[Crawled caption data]
[Start of Attachment]

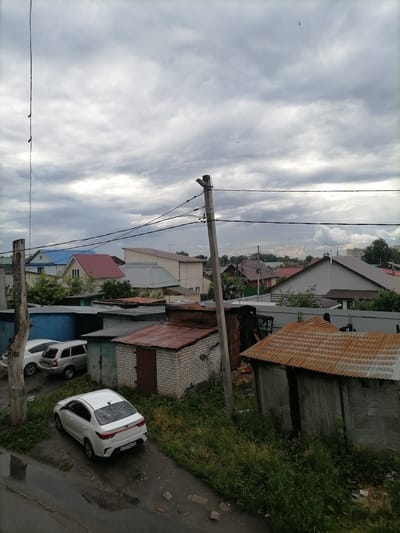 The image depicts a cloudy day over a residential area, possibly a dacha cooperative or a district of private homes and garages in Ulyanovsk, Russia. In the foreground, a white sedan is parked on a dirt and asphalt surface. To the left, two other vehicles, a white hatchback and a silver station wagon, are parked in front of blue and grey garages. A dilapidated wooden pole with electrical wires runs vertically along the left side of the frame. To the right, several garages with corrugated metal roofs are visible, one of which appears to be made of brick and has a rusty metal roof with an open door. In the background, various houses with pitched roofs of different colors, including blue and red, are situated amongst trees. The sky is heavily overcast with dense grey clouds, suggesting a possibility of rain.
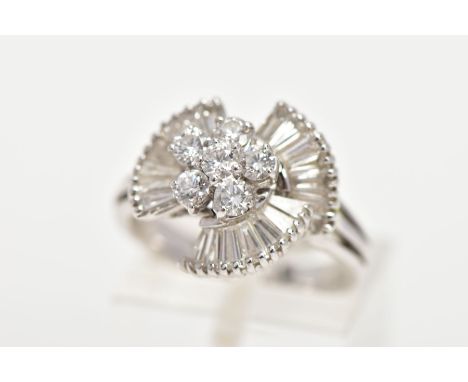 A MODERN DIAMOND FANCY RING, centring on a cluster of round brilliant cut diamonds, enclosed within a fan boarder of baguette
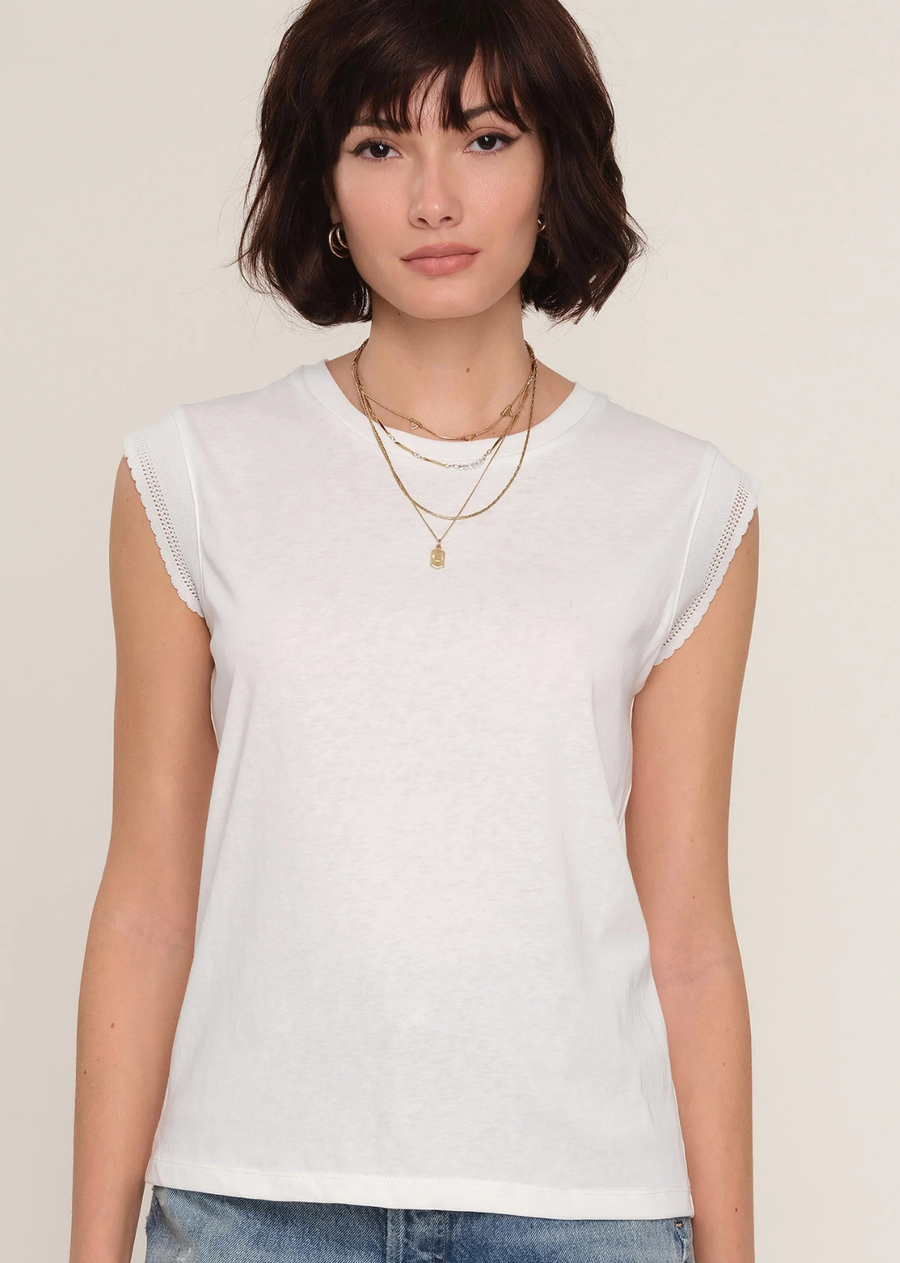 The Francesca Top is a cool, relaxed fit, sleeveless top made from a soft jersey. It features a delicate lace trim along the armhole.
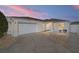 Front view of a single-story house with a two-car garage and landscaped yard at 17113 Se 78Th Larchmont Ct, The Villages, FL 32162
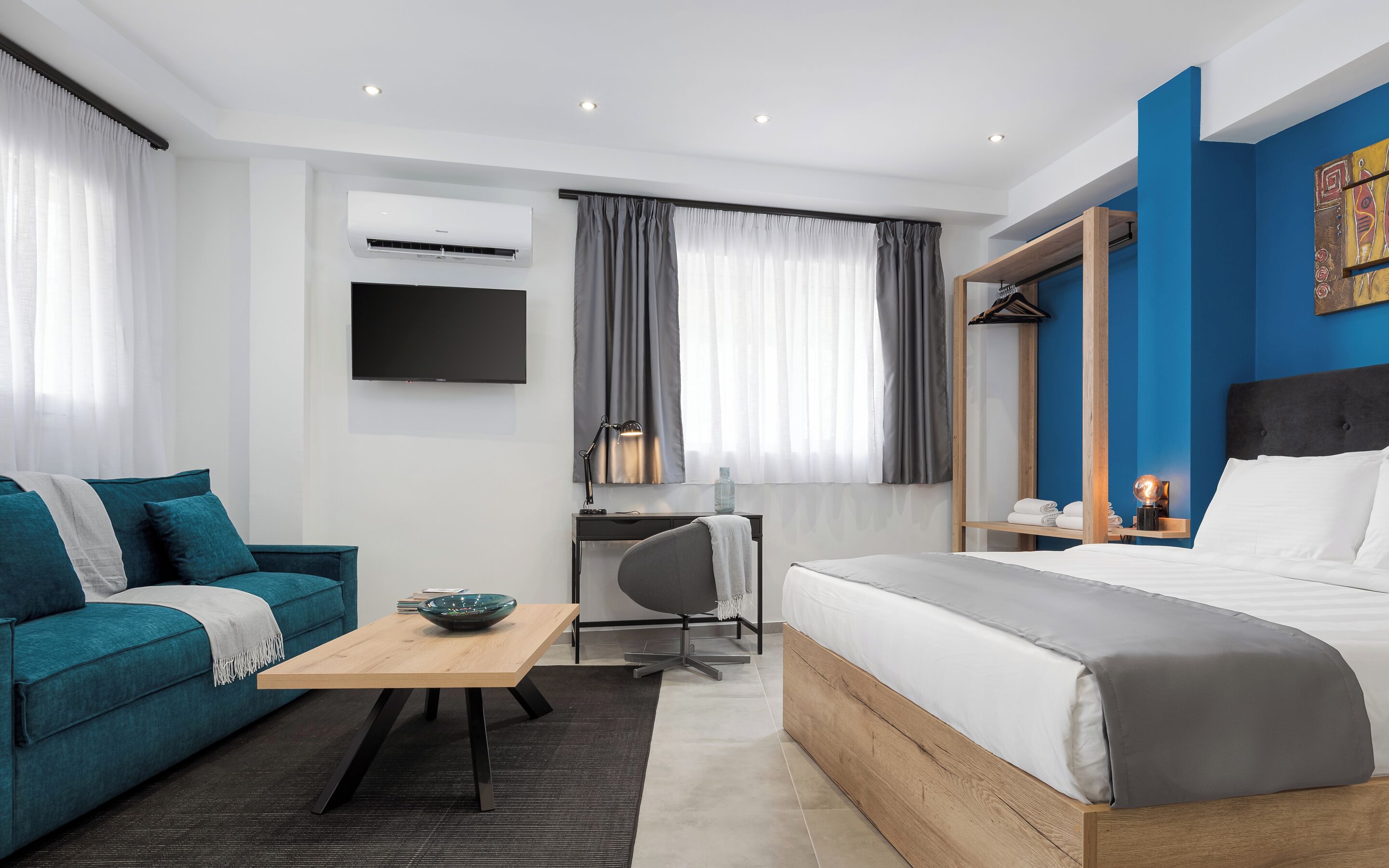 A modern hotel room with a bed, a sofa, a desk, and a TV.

[End of Attachment]

- _Work item_:
Exactly the lines from the one containing "Front view of" through the end of the data above: repeat those, both ends included, and nothing else. Skip the pictures.

- _Result of the task_:
 Front view of a single-story house with a two-car garage and landscaped yard at 17113 Se 78Th Larchmont Ct, The Villages, FL 32162
 A modern hotel room with a bed, a sofa, a desk, and a TV.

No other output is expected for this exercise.